نوع مقاله : مقالات پژوهشی
گروه تولید و ژنتیک گیاهی دانشکده کشاورزی دانشگاه شیراز
عنوان مقاله [English]
Introduction: Quinoa (Chenopodium quinoa L.) is a highly nutritional seed crop from the Andean region with huge genetic variability, enabling its cultivation across a wide range of environmental conditions. The area and production under quinoa in the world in 2020 was 189000 ha with 175000 tonnes production. There is some evidence for allelopathic activity of quinoa and this potential could be probably used in terms of integrated weed management. Agronomic practices such as nitrogen fertilization influence weed emergence, growth and competition in a crop. Nevertheless, despite the numerous studies on new and promising crops globally, there is a clear lack of information on the combined effect of weed density and nitrogen fertilizer sources on quinoa crop. Therefore, the purpose of this study was to evaluate the effects of nitrogen fertilizer sources and red root pigweed densities on growth, yield and competitive ability of quinoa (Chenopodium quinoa Willd). This information could be helpful for the overall development of crop and weed management strategies in quinoa crop.

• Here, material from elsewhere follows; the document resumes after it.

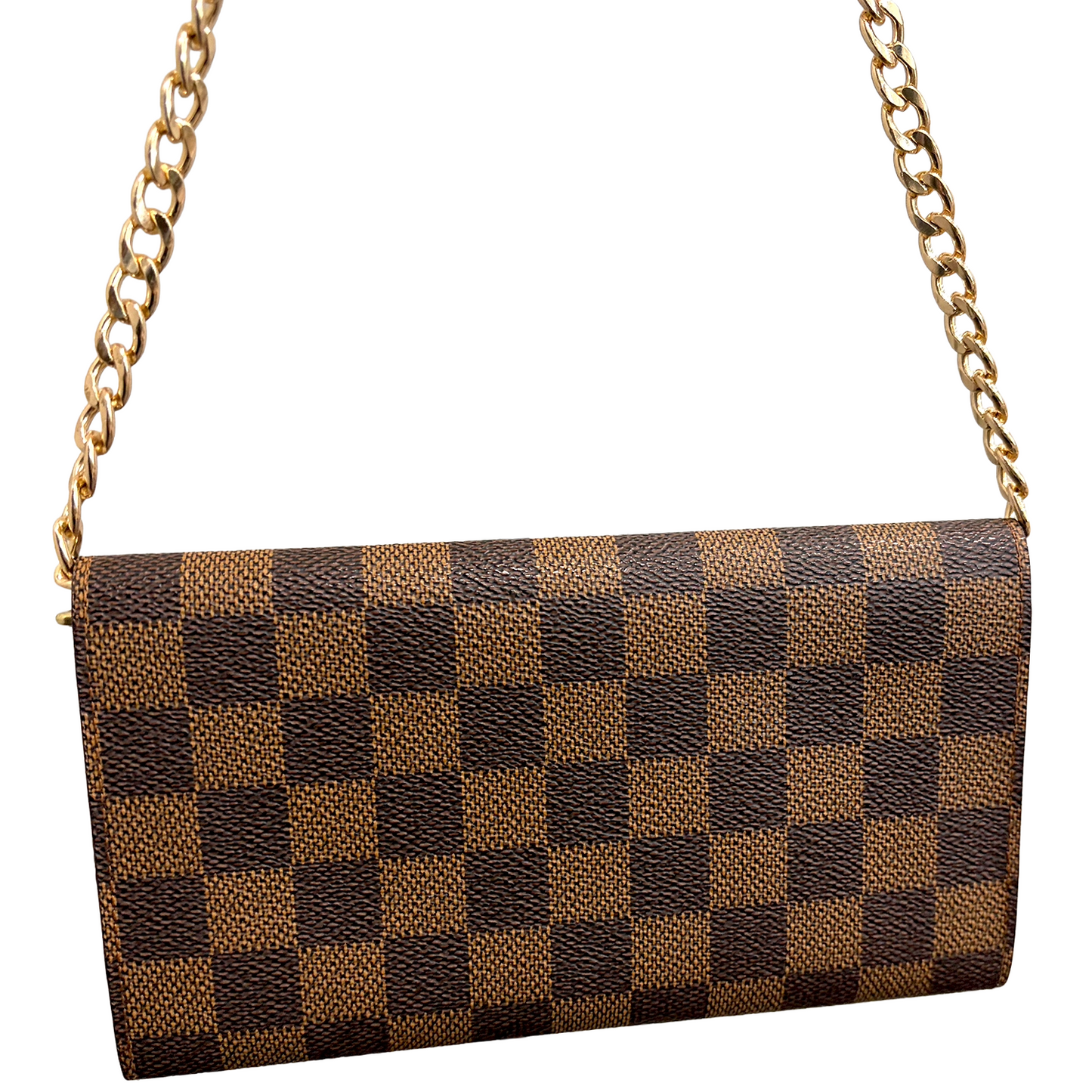 8859 LOUIS VUITTON Damier Ebene Sarah Wallet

Materials and Methods: In order to evaluate the effect of nitrogen fertilizer sources on growth, yield and competitive ability of quinoa in red root pigweed densities, a field study carried out during 2021 growing season in research farm of School of Agriculture, Shiraz University. The experiment was conducted in a split-plot based on a randomized complete block design with 3 replications. Nitrogen fertilizer sources (control, urea, sulfur coated urea and ammonium nitrate) were assigned to main plots and density of red root pigweed at 6 levels (0, 5, 10, 15, 20 and 25 plants m-2) to the sub-plots. The 2-meter square from each plot were harvested to determine quinoa traits, as well as weed traits. The quinoa traits included plant height, leaf area index, number of grain per plant, 1000 grain weight, grain yield, biological yield and harvest index. Plants were oven-dried at 75 C for 72 h to determine seed yield. Weeds were harvested from a 2 m2 area in each plot to determine plant height, shoot height, panicle length and leaf area index. Data were analyzed using SAS v. 9.1 software (SAS Institute 2003). When significant differences were observed among treatments, mean comparisons were made using Duncan's multiple range tests (P < 0.05).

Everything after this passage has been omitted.